In week 8, we enhanced our tensor operation backend and our optimizer by supporting **Unary Operations**, such as permuting a tensor's dimensions.
Here, we first had to verify that all dimensions of such an operation are of type ``C`` and appear both in the input and the output tensor. Additionally, the second input tensor had to be automatically set to ``nullptr``, as unary operations only support one input.
Next, we had to implement new primitive identification and shared memory parallelization optimization passes for the unary operations and finally verify the correctness of our code against a reference implementation.
To view the results and implementations, visit our :ref:`detailed report <unary-operations>`.

In the final weekly submission of our project, we made important enhancements to the flexibility of our tensor compiler.
The first major task was the support for **Einsum Tree Expressions**.
We began with a :ref:`string parser <einsum-parsing>` that transforms expressions of the form ``[...],[...]->[...]`` into an internal tree representation. The next step involved :ref:`lowering this einsum tree to our tensor operation backend <einsum-lowering-subchapter>`. We then applied our existing :ref:`optimization passes <einsum-node-optimizations>` on this tree structure, and finally ensured that the tree could be correctly :ref:`executed <einsum-execution>`. To assess the correctness and performance of our implementation, we ran a series of benchmarks.
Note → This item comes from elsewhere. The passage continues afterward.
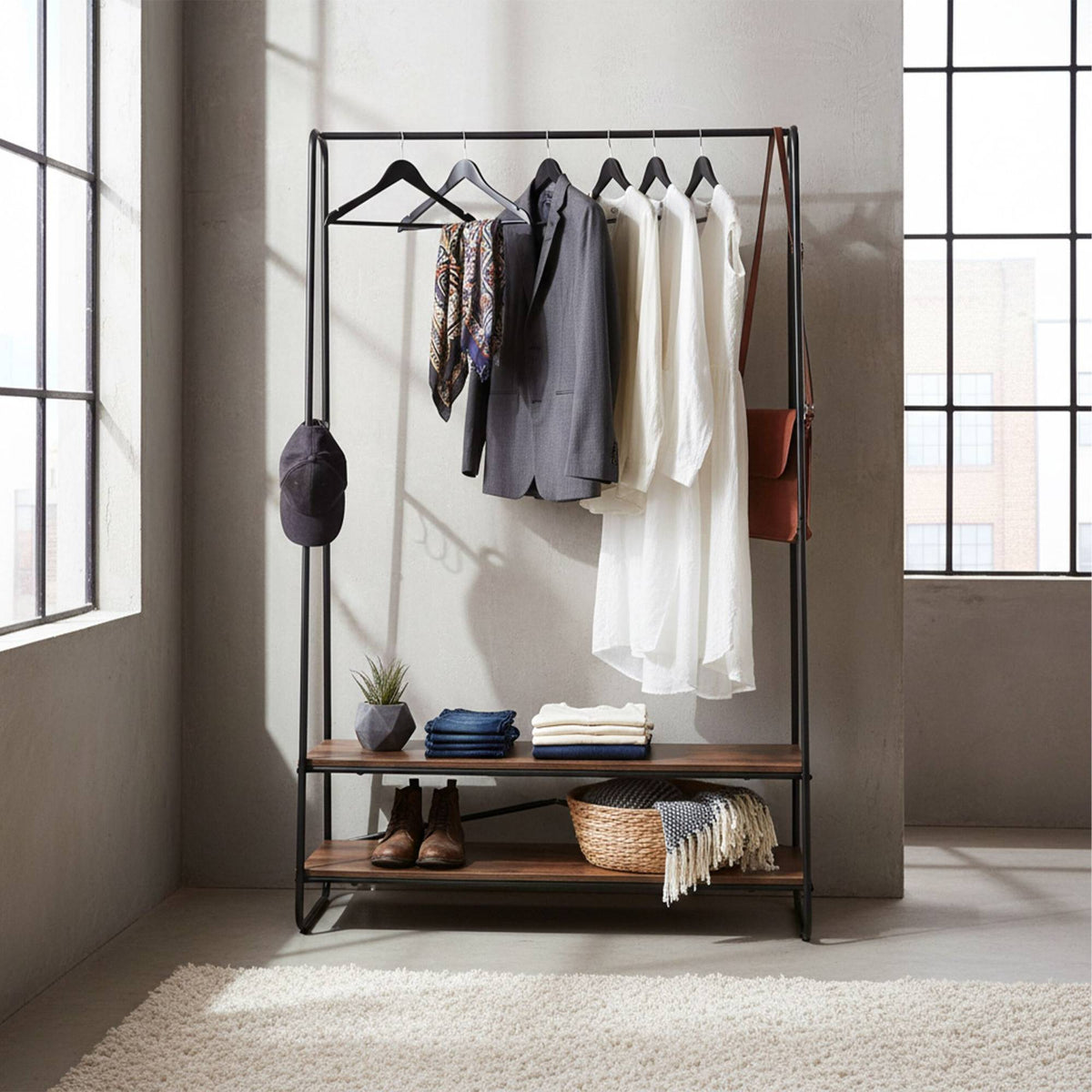 Coat Rack with 2 Shelves – Metal Frame, Wood-Effect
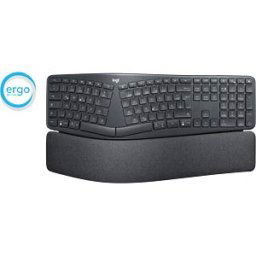 LOGITECH K860FB - Wireless Keyboard, Logi Bolt/Bluetooth, ergonomic, black, German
A comprehensive report on this work is available in :ref:`einsum-lowering`.

The second major task was to implement **Optimization Passes for Einsum Trees**.
These differ from the previous optimization which focused on the internals of a single tensor operation.
In this task, we looked at **Node Swapping**, **Dimension Reordering** and the **Insertion of Permutation Nodes**.
These tree optimizations come before the initialization of each tree node, and reshape the einsum tree to improve performance.
Refer to :ref:`einsum-tree-optimizations` to learn more about our implementations.

The last task was to propose a pitch and write a short sketch on the individual phase that would conclude this project.
To read our pitch and sketch, please take a look at :ref:`individual-phase`.

During the last two weeks, we had to fulfill the pitch that we had written in the prior week.
We used the first week of the individual phase to extend the flexibility of our tensor compiler by implementing various unary and binary primitives.
In the second week, we put our attention on the rather complex sigmoid activation function and added multiple implementations with different speeds and accuracies.
Lastly, we improved our optimizer by adding support for **Dimension Fusion**.